Edited by: [url=http://pub30.ezboard.com/brpgww60462.showUserPublicProfile?gid=spleeninfinity13>SpleenInfinity13</A]
at: 11/8/02 9:01:54 pm
Re: Gasp!

Posted:
Fri Nov 08, 2002 12:55 am
by Geocsuppi
[OOC: THANK YOU!!!] Easily sat back, this was strange, never had so many people come to apply.He needed only one more, and his boss was due back soon. He was getting nervous. He liked his easy job, a lot.
Intresting....

Posted:
Fri Nov 08, 2002 6:55 pm
by Lady Andaya
Reading the note, Andaya sighed and started her was back down the stairs. What was sooo important on the 2ed floor? To make the trip easyer, and more fun, Andaya decided to make going down the stairs a game. Holding onto the rail she lifted herself onto it. She slid down to the first part, but the railing made a turn to the left and she kept going straght. Hitting and spraling on the floor, Andaya lifted her long hair away from her face.

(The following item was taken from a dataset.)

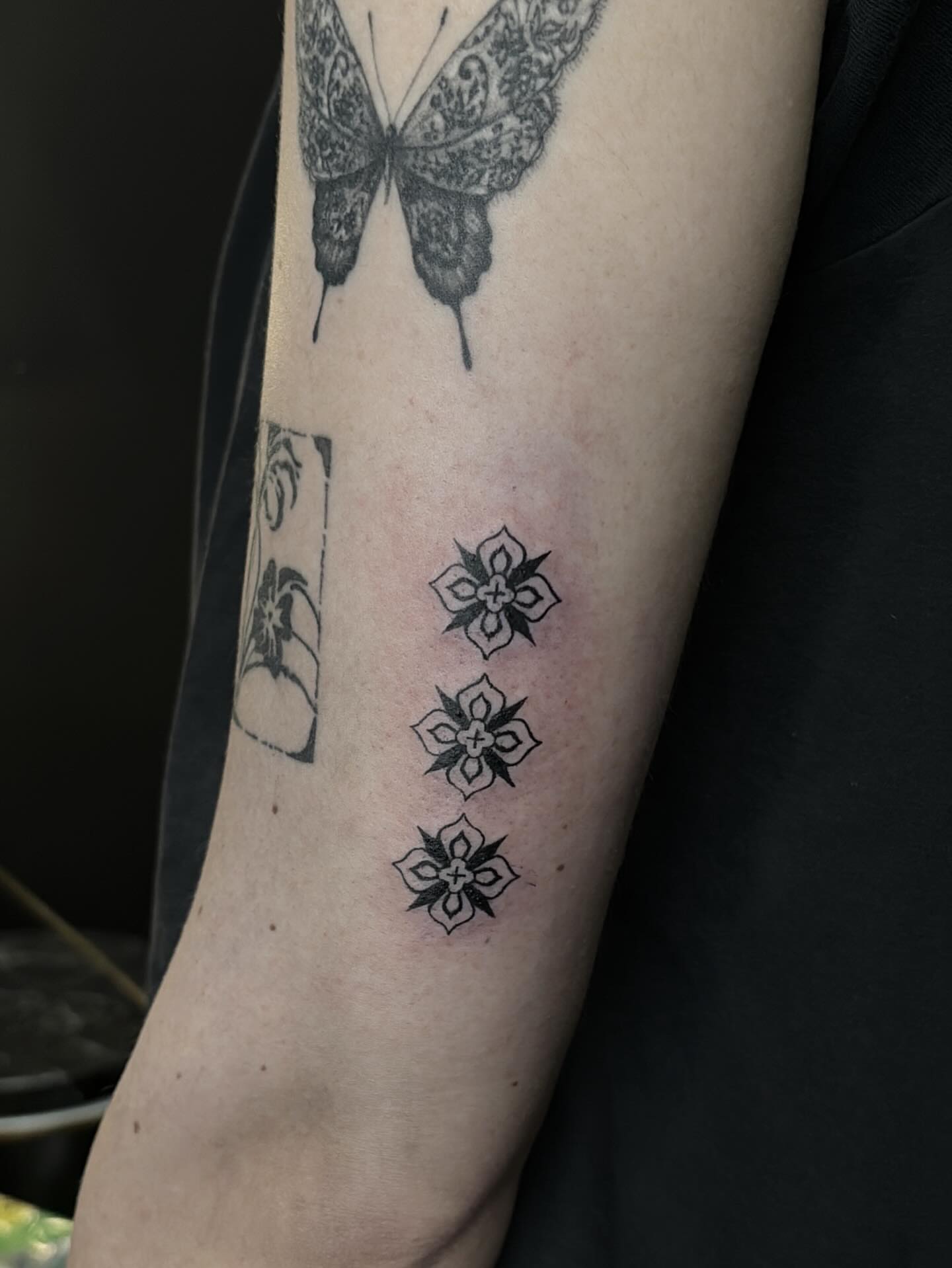 Butterfly and flowers black and grey tattoo on the forearm by Harlee Hornsby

"That was fun!" She said with a grin. So thats what she did, sliding, then falling, she made her way to the 2ed floor. Going where she was supposed to, she started knocking on a door. "Any one home? Whats going on? Helloooo?"
Re: Gasp!

Posted:
Fri Nov 08, 2002 10:12 pm
by Spleen
Jeremy's...or rather Lord Kraz'ner XII's...father was finished. The Mitosis Bean was done. There was only one created, but then again, in three years there would be hundreds of thousands of them. Cool.

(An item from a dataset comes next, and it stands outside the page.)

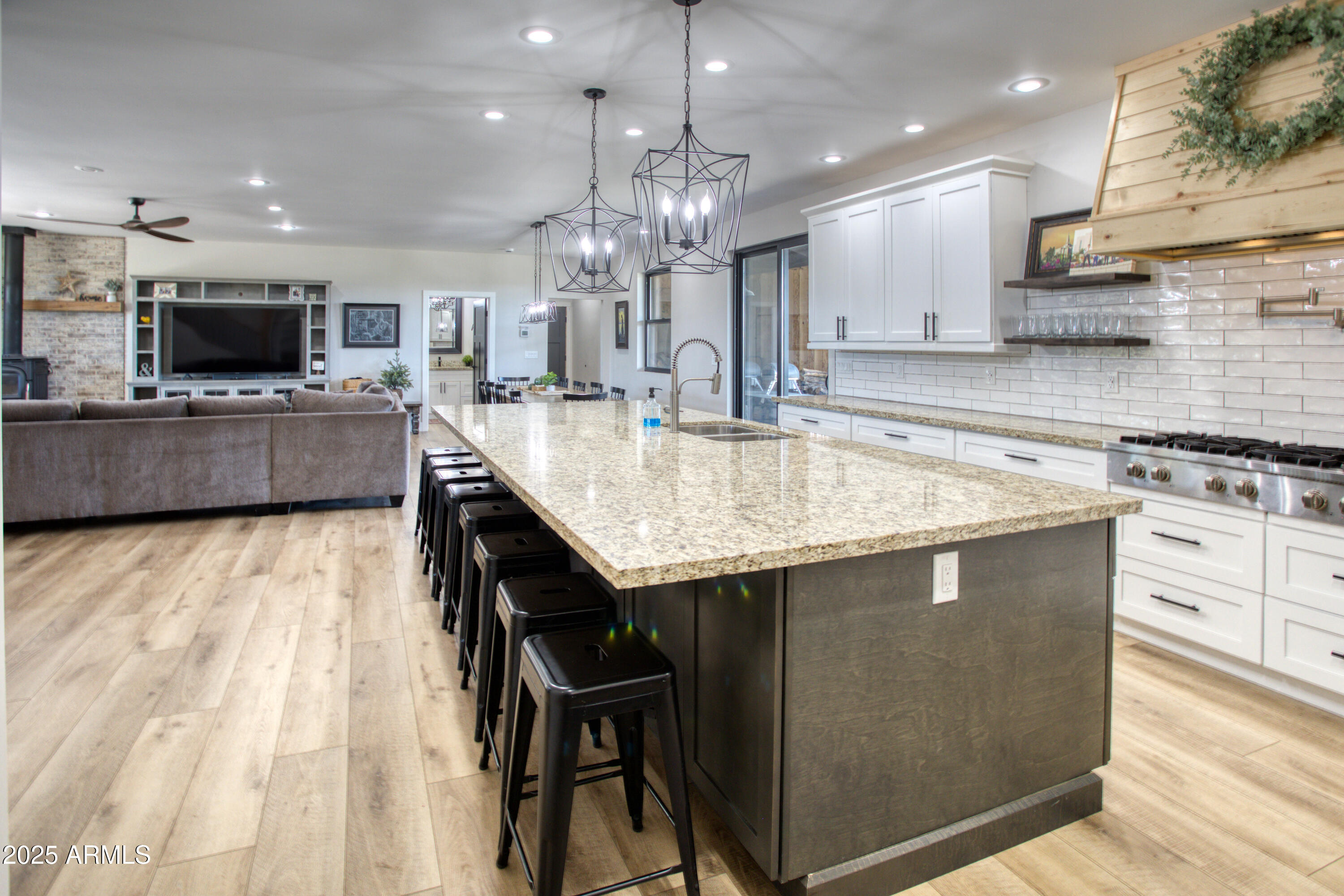 1850 Pinecone Heber, AZ 85928 - Photo 2 of 40 a large kitchen with kitchen island a sink table and chairs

Then, of course, there was the matter of the failed beans...you know, the ones that endowed psionic capabilities. (By the way, those made the user go COMPLETELY INSANE. But that's not important) His father didn't know what to do with them. "HEY! JEREMY!"

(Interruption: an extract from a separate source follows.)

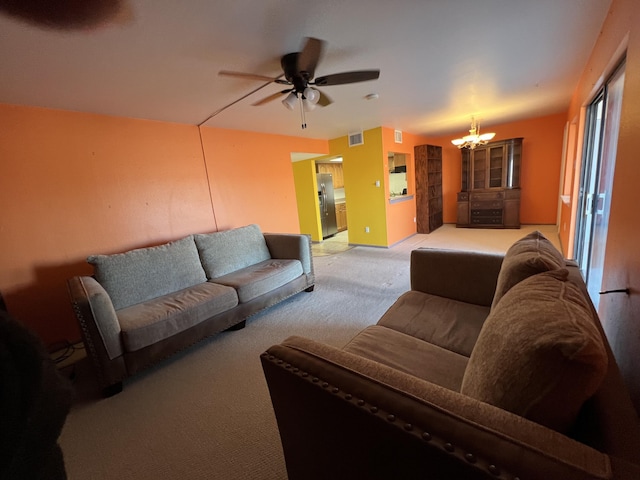 living area with visible vents, light carpet, and ceiling fan with notable chandelier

"Father!" Kraz'ner yelled, "It's LORD KRAZ'NER THE SEVENTH!!!"
"Whatever! I have to dispose of a bunch of jelly beans!"
"Jelly beans? Cool, I'll eat them!"
"All right, come down here!"
Little did Lord Kraz'ner XII know, these were no normal jelly beans. Funny, his father must've forgotten to tell him...oh well.
FOUL BLASPHEMER!

Posted:
Fri Nov 08, 2002 10:35 pm
by The Duelist
"YOU WOULD SO DARE TO OPEN TUNA FISH AT A PARTY RUN BY *ME* PARTY!?!"
Downing a bottle of Evian to rehydrate himself after use of his hero Voice, the Clumsy Avenger unsheathed his mighty Putter of Pulverization. Charging the foul knave, he let loose with a furious set of blows designed to whammy the man senseless...if he had any sense left after deciding to open a can of TUNA FISH.